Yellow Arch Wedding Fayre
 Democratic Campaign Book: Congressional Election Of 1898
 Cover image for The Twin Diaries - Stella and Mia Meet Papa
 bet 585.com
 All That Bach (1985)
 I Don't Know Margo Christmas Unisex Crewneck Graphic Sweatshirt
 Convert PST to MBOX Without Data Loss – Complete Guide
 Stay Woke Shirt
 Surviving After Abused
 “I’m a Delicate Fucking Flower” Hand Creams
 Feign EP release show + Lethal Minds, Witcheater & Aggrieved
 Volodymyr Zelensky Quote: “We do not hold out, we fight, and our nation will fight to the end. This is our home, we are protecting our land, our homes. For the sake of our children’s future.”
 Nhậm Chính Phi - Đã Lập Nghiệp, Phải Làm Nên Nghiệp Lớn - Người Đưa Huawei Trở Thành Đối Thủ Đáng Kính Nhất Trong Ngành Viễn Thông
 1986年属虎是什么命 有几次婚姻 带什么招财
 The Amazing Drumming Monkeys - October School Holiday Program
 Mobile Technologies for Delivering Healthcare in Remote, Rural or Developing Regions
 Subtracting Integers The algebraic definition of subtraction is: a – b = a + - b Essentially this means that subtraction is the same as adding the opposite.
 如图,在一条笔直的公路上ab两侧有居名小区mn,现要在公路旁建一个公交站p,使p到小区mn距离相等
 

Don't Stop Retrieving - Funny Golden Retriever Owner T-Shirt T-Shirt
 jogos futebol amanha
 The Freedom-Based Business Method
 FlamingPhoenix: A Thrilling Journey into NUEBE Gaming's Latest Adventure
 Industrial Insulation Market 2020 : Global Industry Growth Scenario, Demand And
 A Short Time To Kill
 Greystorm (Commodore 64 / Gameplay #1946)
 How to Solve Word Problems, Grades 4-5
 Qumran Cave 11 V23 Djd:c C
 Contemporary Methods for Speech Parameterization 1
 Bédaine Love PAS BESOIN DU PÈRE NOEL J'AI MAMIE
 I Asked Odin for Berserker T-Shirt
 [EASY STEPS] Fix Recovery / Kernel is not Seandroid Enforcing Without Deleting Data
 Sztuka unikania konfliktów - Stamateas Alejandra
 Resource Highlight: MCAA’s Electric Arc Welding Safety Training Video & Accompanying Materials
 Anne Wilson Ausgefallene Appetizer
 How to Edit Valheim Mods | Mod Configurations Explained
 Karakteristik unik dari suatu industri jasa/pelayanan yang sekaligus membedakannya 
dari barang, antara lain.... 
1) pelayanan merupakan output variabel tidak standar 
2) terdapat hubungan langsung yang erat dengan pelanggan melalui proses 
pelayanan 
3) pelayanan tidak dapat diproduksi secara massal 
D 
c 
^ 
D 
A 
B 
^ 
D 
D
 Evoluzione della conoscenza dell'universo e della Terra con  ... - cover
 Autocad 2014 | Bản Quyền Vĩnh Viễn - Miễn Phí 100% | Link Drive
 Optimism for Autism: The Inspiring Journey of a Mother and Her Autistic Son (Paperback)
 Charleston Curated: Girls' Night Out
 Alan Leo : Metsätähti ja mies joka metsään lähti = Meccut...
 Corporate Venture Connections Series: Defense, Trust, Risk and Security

## Goal of the exercise
Your answer should consist solely of the lines above from the line with "Evoluzione della conoscenza" to the line with "Optimism for Autism: The", both included, reproduced exactly.

## Result of the task
 Evoluzione della conoscenza dell'universo e della Terra con  ... - cover
 Autocad 2014 | Bản Quyền Vĩnh Viễn - Miễn Phí 100% | Link Drive
 Optimism for Autism: The Inspiring Journey of a Mother and Her Autistic Son (Paperback)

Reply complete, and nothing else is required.